Die Medienserver steuern im Alltagsbetrieb auch die Videoprojektoren, welche die Inhalte ausspielen – im Atelier des Lumiéres sind es mehr als 130. Eingesetzt wurden hierbei relativ kompakte, aber leistungsstarke Laser-Projektoren, die unauffällig auf einem Traversen-System montiert sind. Die Zuspielung der Inhalte erfolgt über Faseroptik-Leitungen. Die Projektoren werden derart koordiniert, dass aus den vielen Einzelbildern, die jeder Projektor liefert, ein gemeinsames Bild ohne sichtbare Übergänge von einem Projektor zum anderen entsteht. Dabei müssen sowohl die „Nahtstellen“ von Projektor zu Projektor geschickt verblendet werden als auch die Farbwiedergabe der Projektoren untereinander abgeglichen werden. Auch geometrische Verzerrungen, die normalerweise durch die Projektion auf dreidimensionale Elemente erzeugt werden, müssen eliminiert bzw. optisch ausgeglichen werden. Zudem steuert das System von Modulo Pi spezielle Effekte, wie die Projektion auf den flachen Wasserspiegel im ehemaligen Kühlbecken oder die Infofilm-Projektionen im Inneren des Zylinders.

TecSpecs

Im Atelier des Lumiéres kommen u. a. folgende Produkte zum Einsatz:

  • 130 Laser-Videoprojektoren vom Typ Barco PGWU-62
  • 35 Modulo Kinetic von Modulo Pi
  • 33 Lautsprecher vom Typ Nexo ID24
  • 11 Subwoofer vom Typ Nexo ID S110
  • 1 Audioprozessor vom Typ Yamaha MRX 7D
Die animierten Inhalte für eine AMIEX-Ausstellung aus mehreren tausend HD-Einzelbildern mithilfe spezieller Software Culturespaces/Eric Spiller
Die animierten Inhalte für eine AMIEX-Ausstellung werden jeweils aus mehreren tausend HD-Einzelbildern mithilfe spezieller Software zusammengestellt.

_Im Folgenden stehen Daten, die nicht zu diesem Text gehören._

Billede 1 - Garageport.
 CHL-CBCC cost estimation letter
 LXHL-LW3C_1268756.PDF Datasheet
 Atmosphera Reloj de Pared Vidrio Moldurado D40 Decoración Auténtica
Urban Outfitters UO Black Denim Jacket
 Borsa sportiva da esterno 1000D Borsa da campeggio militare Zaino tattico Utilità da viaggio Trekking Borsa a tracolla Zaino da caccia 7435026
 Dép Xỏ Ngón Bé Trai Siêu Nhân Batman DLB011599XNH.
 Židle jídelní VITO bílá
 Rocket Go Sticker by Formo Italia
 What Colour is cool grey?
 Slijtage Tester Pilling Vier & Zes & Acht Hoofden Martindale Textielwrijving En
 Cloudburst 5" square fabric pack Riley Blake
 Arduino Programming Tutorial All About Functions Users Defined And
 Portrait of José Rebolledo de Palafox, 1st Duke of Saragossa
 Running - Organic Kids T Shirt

Neues Format für die Kunst?

Man kann sich trefflich darüber streiten, ob die Performance im Atelier des Lumiéres eine Ausstellung von Original-Gemälden ersetzen kann. Unbestritten ist jedoch, dass die Inszenierung für Besucher aller Altersgruppen und sozialen Herkunft einen Zugang zum komplexen Schaffen des Künstlers mit zeitgemäßen Mitteln ermöglicht. Es wurde bewusst auf umfangreiche Erläuterungen verzichtet – der Zugang zum Künstler erschließt sich nicht über den Verstand, sondern über die Sinne und Emotionen. Die Show macht neugierig auf den Künstler und sein Schaffen, und der geneigte Besucher wird mehr darüber erfahren wollen. Damit ist diese Art von Inszenierung gerade für Menschen geeignet, die sich bisher nicht mit Malerei befasst haben. Die Besucher reagieren auf jeden Fall positiv – vielfach applaudieren sie nach jeder künstlerischen Darbietung. Darüber hinaus bietet die Inszenierung auch modernen, digitalen Kunstformaten wie den Animationen der jungen Künstleragentur Ouchh (www.ouchh.tv) die Möglichkeit, adäquat dargestellt zu werden.